Ora, o que se vê na direita radical bolsonarista, principal força de oposição no Brasil hoje, é uma concepção de política externa completamente submissa e entreguista aos interesses americanos, ao menos da sua versão conservadora. Ainda que o slogan nacionalista do atual governo possa ser criticado, pela possível interpretação xenofóbica que pode eventualmente se depreender dali, o contraponto patriótico reafirmando nossa soberania nacional é legítimo e necessário.

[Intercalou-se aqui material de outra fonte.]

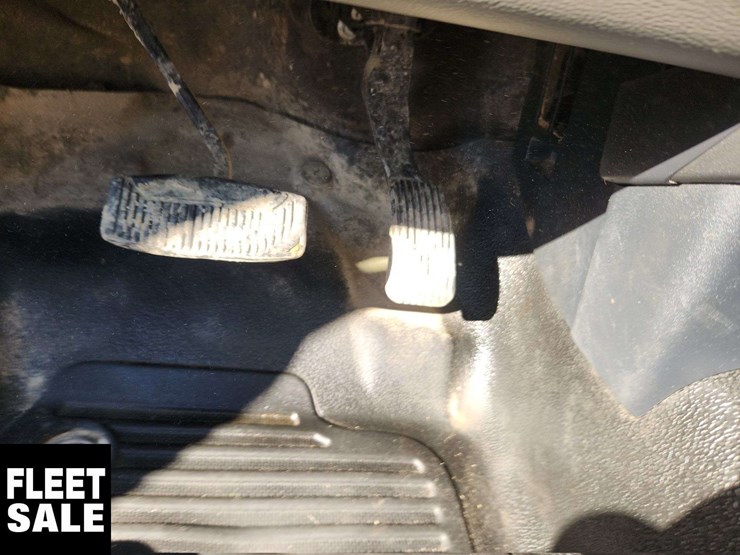 2022-ford-f250-image-24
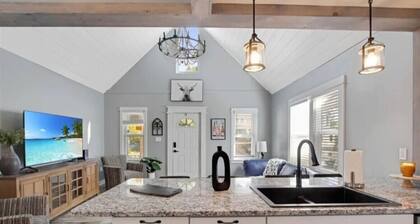 *Perfect Vacation* Cozy Lancaster Village Bungalow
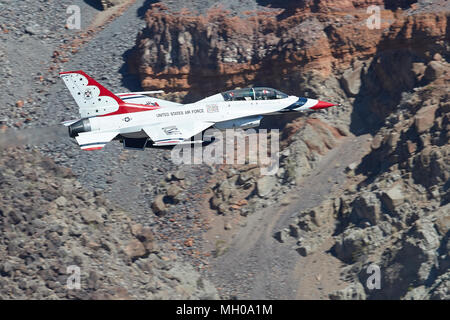 Twin sede US Air Force Lockheed Martin F-16D Fighting Falcon jet fighter dalla USAF "Thunderbirds' volando attraverso il Rainbow Canyon, California, USA. Foto Stock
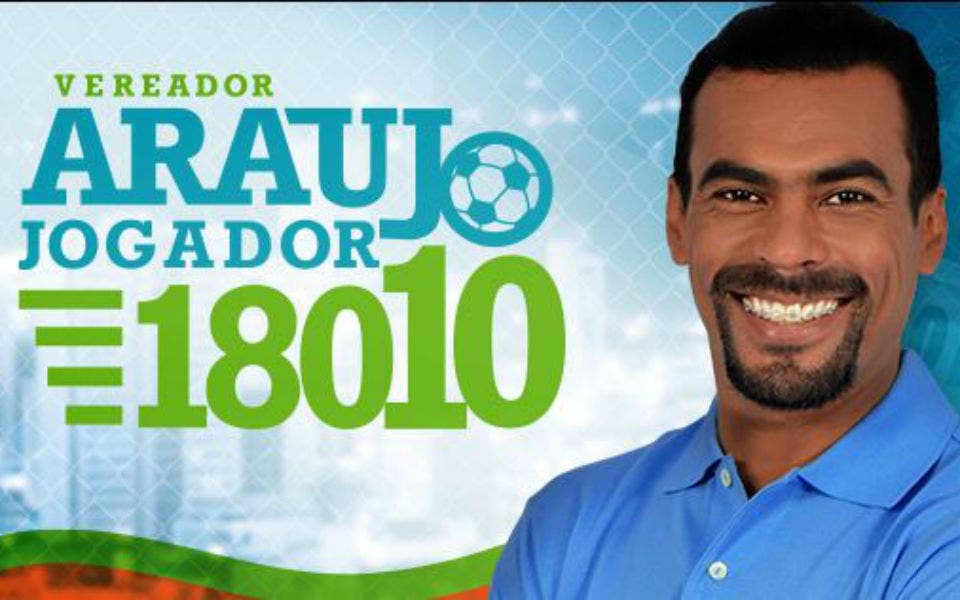 Araújo teve passagem pelo Flu entre 2011 e 2012. Pelo REDE, tenta se eleger vereador em Caruaru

O Brasil ainda não se tornou alvo direto da política externa agressiva de Trump. Inicialmente o presidente americano focou sua atenção contra o Canadá, México, Panamá e Groenlândia/Dinamarca. Os líderes desses países que não se submeteram e empregaram um discurso firme, uma postura de reciprocidade diplomática e um posicionamento em prol dos interesses dos seus países estão conseguindo resistir às ofensivas tarifárias de Trump e chegar a acordos que os beneficiem. Como já afirmou o cientista político Christian Lynch, em tempos de retorno de uma retórica imperialista pela maior potência militar do planeta, a reação nacionalista será um imperativo de sobrevivência. 

A grande questão é: qual nacionalismo?

O nacionalismo homogeneizador e excludente do século XX se revelou um grande erro e pavimentou o caminho de movimentos totalitários abjetos, como o fascismo, e atualmente ressurge em muitos países com discurso de ódio xenofóbico contra imigrantes. A preocupação dos críticos ao slogan do boné governista é razoável e fundamentada. Ainda mais no Brasil que já não se mostrou muito acolhedor recentemente com médicos cubanos, refugiados venezuelanos e haitianos, e trabalhadores bolivianos. 

Por essa razão, se for o caso de reafirmarmos nossa soberania nacional contra ameaças estrangeiras e contra o servilismo voluntário em âmbito doméstico, com um discurso em prol dos interesses do Brasil, o ideal é que adotemos uma concepção de patriotismo constitucional, que é inclusivo e não excludente. Precisamos reforçar o projeto instituído na Constituição de 1988, que protege os brasileiros em toda a sua diversidade e que almeja construir uma sociedade livre, justa, solidária, fraterna, pluralista e sem preconceitos. Toda heterogeneidade da nossa sociedade – seja de brasileiros natos, naturalizados, povos originários e também de estrangeiros que queiram fazer parte desse projeto constitucional – é bem-vinda. “Brasil, um país de todos”, lema adotado pelos primeiros governos Lula, de 2003 a 2010, sintetizava bem a identidade desse nosso projeto constitucional. 

A defesa da nossa soberania nacional é imprescindível, mas dentro desses valores acolhedores e humanistas que norteiam nosso projeto constitucional. Sejamos todos patriotas da Constituição!